What direct clients want: From a Marketing Director’s perspective
A lot has been said about the complexities of setting up shop as freelancers and whether to work with agencies or direct clients. If you have set out to find direct clients, you have probably invested a lot of time and effort specializing in a certain niche and researching your potential clients. Most likely, you have focused on offering a high quality product and developing excellent customer service skills. You attend networking events and have your business cards ready to hand out on every possible occasion.
However, there is one key question we tend to overlook: What do these elusive direct clients look for in a freelancer? What criteria do they use to hire one service professional instead of another?
This is the first of a series of interviews with professionals working in different industries who work with freelancers to meet their language needs.
Meet Fernando Pacheco, Marketing Director for Latin America at Jarden Consumer Solutions, a Fortune 500 Company with over 120 brands and a global presence.
Daniela: Can you tell us about yourself and your background?
Fernando: I grew up in Costa Rica, but I have lived in the United States for 20 years. I studied at Tennessee Tech University in Cookeville, TN, where I obtained both my undergraduate degree in Chemical Engineering and my MBA. A few years after graduating from my master’s I began working as Product and Marketing Manager for Latin America at Thomson Consumer Electronics. I currently work as Director of Marketing at Jarden Consumer Solutions, where I am responsible for overseeing the development and marketing of small domestic appliances for well-known brands in Latin America.

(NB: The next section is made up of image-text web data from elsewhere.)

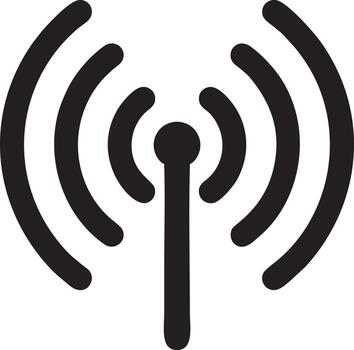 Signal communication information connection wireless icon symbol vector image, illustration of the network wifi in black image. EPS 10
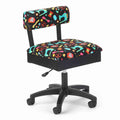 Arrow Black Notions Hydraulic Sewing Chair – front angle view with colorful sewing-themed upholstery, ergonomic padded backrest, and height-adjustable swivel base.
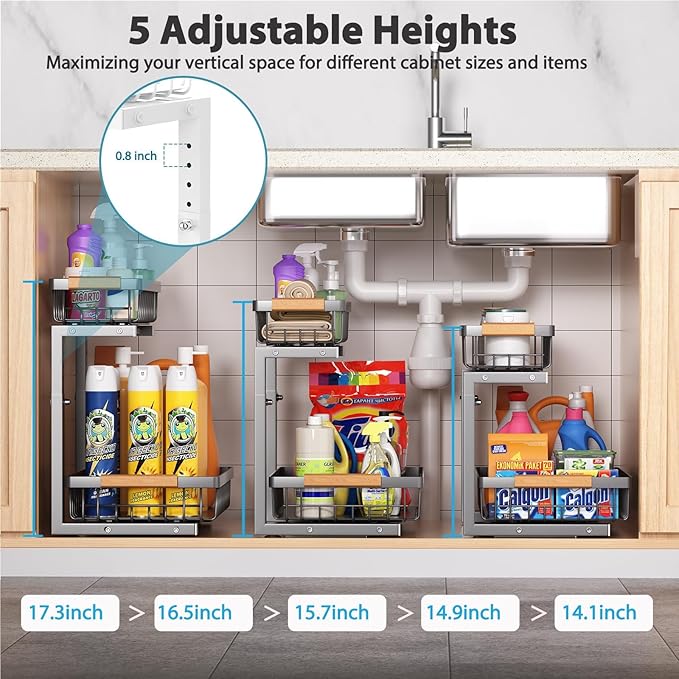 Liuoud Under Sink Organizer 2 Pack, 2 Tier Slide Out Large Capacity Height Adjustable Under Sink Organizers and Storage for Kitchen Bathroom Cabinet, Grey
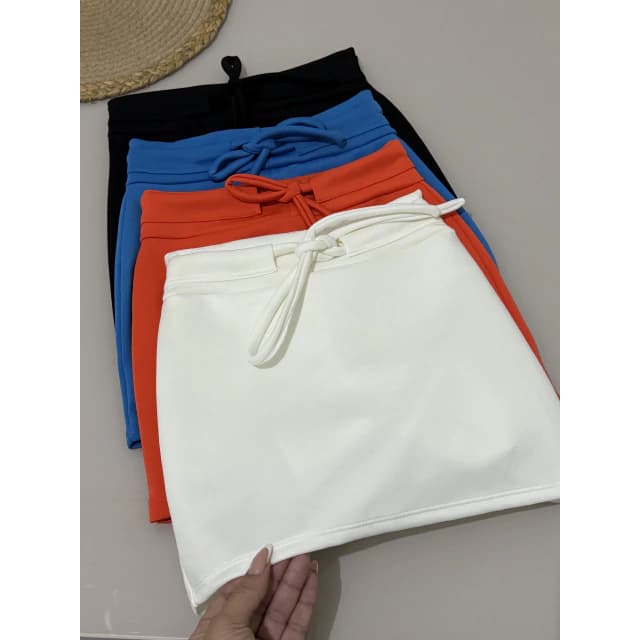 Short saia Feminino Neoprene Alfaiataria Cordão Regulável Verão Cintura Alta Leveza Para o Dia a Dia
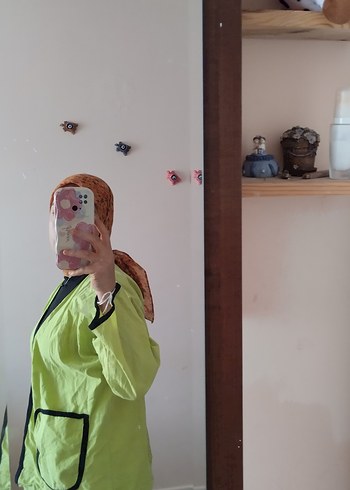 l Beden yeşil Renk Düğmeli Yeşil Midi Hamile Ceketi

Daniela: Tell us a little bit about your language needs. What types of pieces do you typically send for translation?
Fernando: User Manuals for various appliances – from a gourmet espresso machine to a basic blender – as well as recipe books, quick start guides, etc. Other departments in my company use translation services for websites of a specific brand or line of products, for example, aside from the manuals.
Daniela: Do you usually hire freelancers or translation agencies to meet your language needs?

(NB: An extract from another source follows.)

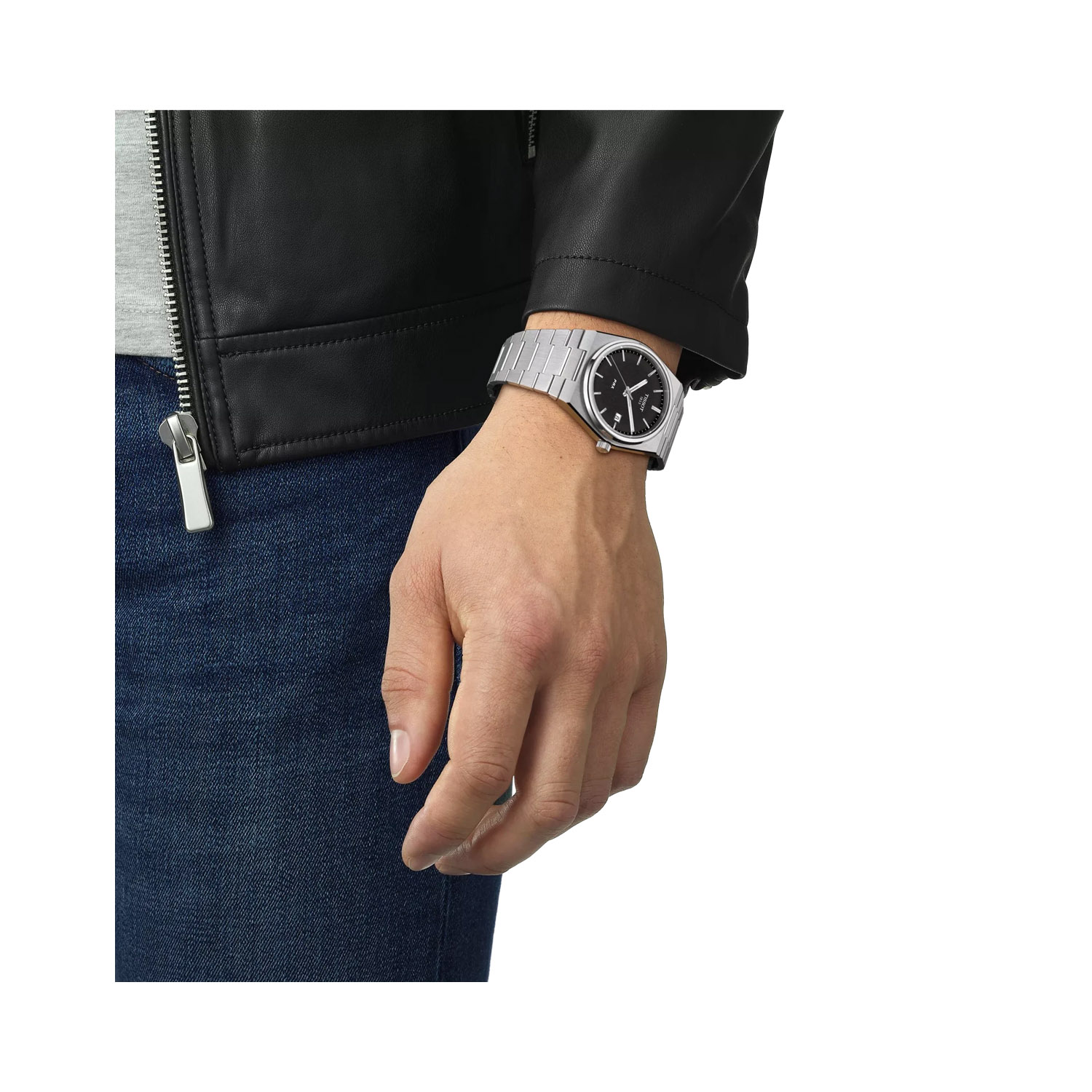 Tissot, PRX Black, Quartz Men's Watch Tissot, PRX with a 40mm stainless steel case and bracelet strap featuring a date function and a black dial.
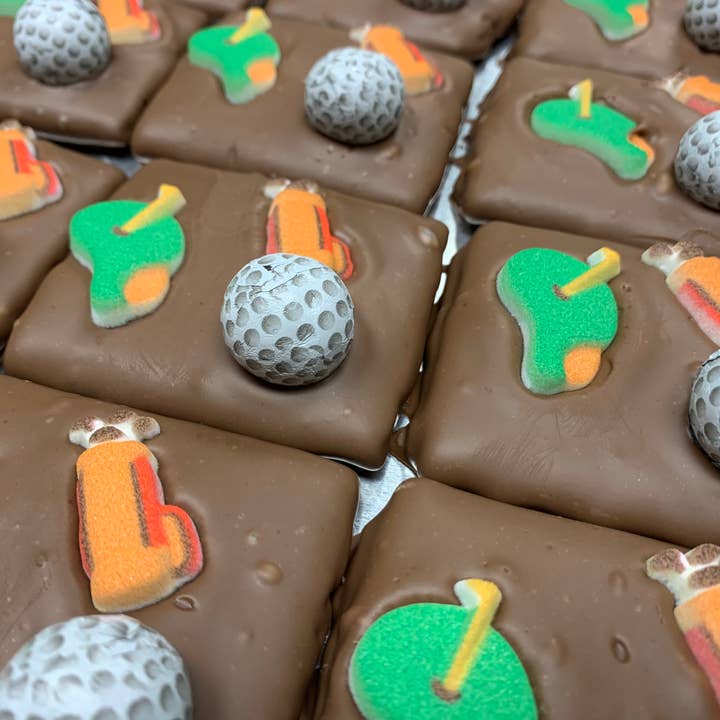 O’Golf Scene 🏌️ Graham’s w/ Foil - Milk Choc 2 PK Sealed for wholesale by O'Shea's Candies Sweet Shop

Fernando: The short answer is that I have hired both. But to better answer your question I need to explain a bit of the internal process of the two companies I have worked for.
At Thomson I was responsible for the development and marketing of consumer electronics for Latin America, so we needed to translate the User Guides/Manuals. We had our own department in charge of writing the manuals in English, but we, as managers, had to outsource the translation and layout of these manuals. This was my first experience working with a freelancer. A colleague from a regional office recommended a translator who was also a graphic designer and she was a good fit for us. She would translate our manuals from English into Spanish, and then she would do the layout.

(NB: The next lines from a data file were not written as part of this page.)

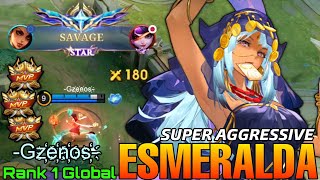 SAVAGE Super Aggressive Esmeralda Double Gameplay  Top 1 Global Esmeralda by Gz҉e҉n҉os҉  MLBB [upl. by Linehan52]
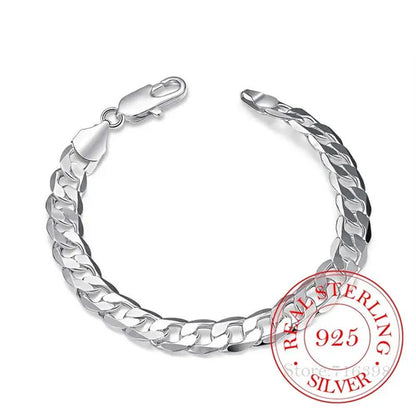 Men's Fine Jewelry 8 Inch 20cm Bracelet 925 Sterling Silver Fashion Charm 8MM Sideways Flat Chain Bracelets Bangle For Women Men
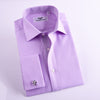 B2B Shirts - Purple Herringbone Twill Formal Business Dress Shirt With Matching Inner Lining Luxury Violet Fashion - Business to Business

At Jarden we work with creative agencies which develop our manuals – from the original copy in English, to graphic design, to translation into multiple languages. However, because we are such a large corporation, there are different vendors and the quality also differs. Every project manager can use the resources available through these agencies or find new ones. For example, some managers choose freelancers to translate and then send the translation to the creative agency for desktop publishing. It is a bit more involved, but some managers report better translation quality this way. They really like the ability to talk directly with the translator and come up with the name of an appliance, for example. Also, some freelancers offer recommendations about how to present ideas in the target language, and this has proven to be a tremendous added value for us. This is something that is lost when the entire translation process is handled by a third party – typically a translation agency subcontracted by the creative agency. Another bonus is that freelancers not only translate, but sometimes even provide feedback about the copy in English.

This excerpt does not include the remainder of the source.